*Directions*
Please write out, exactly as given, every line of the entries below up to and including the line with "Mysterious Moonlit Waterfalls thumbnail".

*Excerpted records*
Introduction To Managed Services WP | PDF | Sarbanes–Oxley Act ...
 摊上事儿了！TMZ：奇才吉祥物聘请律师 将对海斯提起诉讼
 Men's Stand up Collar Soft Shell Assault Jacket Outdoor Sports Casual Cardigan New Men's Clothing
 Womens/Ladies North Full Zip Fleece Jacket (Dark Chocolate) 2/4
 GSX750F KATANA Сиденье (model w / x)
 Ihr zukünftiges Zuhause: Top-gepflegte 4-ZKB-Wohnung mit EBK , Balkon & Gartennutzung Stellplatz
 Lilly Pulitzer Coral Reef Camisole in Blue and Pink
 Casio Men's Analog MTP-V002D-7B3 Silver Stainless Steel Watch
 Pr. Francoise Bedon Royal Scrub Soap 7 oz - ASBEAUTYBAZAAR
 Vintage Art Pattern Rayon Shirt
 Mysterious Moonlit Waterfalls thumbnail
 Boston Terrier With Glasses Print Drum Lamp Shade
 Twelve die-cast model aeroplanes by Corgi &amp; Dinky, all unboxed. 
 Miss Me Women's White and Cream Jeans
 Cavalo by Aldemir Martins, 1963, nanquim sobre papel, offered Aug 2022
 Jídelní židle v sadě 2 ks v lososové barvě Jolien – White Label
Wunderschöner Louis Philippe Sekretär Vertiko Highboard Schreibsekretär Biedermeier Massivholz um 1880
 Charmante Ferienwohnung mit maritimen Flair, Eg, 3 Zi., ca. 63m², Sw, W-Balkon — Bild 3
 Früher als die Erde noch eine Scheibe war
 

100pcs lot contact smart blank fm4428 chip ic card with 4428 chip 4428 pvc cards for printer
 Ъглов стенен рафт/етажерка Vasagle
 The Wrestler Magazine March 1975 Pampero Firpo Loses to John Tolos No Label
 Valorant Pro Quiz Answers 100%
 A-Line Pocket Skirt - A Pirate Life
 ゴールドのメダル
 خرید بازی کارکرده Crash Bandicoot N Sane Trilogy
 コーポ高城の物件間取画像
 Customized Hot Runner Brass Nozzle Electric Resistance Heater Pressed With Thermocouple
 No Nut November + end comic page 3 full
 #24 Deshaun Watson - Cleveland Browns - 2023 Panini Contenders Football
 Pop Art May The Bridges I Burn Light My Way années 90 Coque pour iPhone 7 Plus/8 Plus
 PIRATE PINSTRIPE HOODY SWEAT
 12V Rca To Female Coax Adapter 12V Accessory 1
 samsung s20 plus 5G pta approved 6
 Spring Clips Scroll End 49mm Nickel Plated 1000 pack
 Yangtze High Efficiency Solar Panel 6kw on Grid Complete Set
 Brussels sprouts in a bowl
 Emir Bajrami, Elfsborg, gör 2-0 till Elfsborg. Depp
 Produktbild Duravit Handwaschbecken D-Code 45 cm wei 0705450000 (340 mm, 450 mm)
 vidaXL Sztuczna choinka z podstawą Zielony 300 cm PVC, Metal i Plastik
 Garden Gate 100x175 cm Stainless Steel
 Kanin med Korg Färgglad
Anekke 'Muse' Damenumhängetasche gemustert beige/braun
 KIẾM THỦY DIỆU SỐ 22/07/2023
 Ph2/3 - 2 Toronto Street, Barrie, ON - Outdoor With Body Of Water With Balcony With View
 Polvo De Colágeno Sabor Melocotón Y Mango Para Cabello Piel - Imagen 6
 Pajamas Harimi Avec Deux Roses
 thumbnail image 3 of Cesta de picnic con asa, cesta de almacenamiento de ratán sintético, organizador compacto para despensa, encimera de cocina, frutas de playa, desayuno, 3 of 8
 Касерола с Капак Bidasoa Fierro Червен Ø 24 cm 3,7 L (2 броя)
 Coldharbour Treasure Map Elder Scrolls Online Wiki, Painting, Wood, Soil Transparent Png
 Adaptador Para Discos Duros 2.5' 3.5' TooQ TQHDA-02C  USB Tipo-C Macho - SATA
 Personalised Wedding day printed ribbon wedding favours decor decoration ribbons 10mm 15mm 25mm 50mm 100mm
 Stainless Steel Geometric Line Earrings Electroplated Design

*Exercise result*
Introduction To Managed Services WP | PDF | Sarbanes–Oxley Act ...
 摊上事儿了！TMZ：奇才吉祥物聘请律师 将对海斯提起诉讼
 Men's Stand up Collar Soft Shell Assault Jacket Outdoor Sports Casual Cardigan New Men's Clothing
 Womens/Ladies North Full Zip Fleece Jacket (Dark Chocolate) 2/4
 GSX750F KATANA Сиденье (model w / x)
 Ihr zukünftiges Zuhause: Top-gepflegte 4-ZKB-Wohnung mit EBK , Balkon & Gartennutzung Stellplatz
 Lilly Pulitzer Coral Reef Camisole in Blue and Pink
 Casio Men's Analog MTP-V002D-7B3 Silver Stainless Steel Watch
 Pr. Francoise Bedon Royal Scrub Soap 7 oz - ASBEAUTYBAZAAR
 Vintage Art Pattern Rayon Shirt
 Mysterious Moonlit Waterfalls thumbnail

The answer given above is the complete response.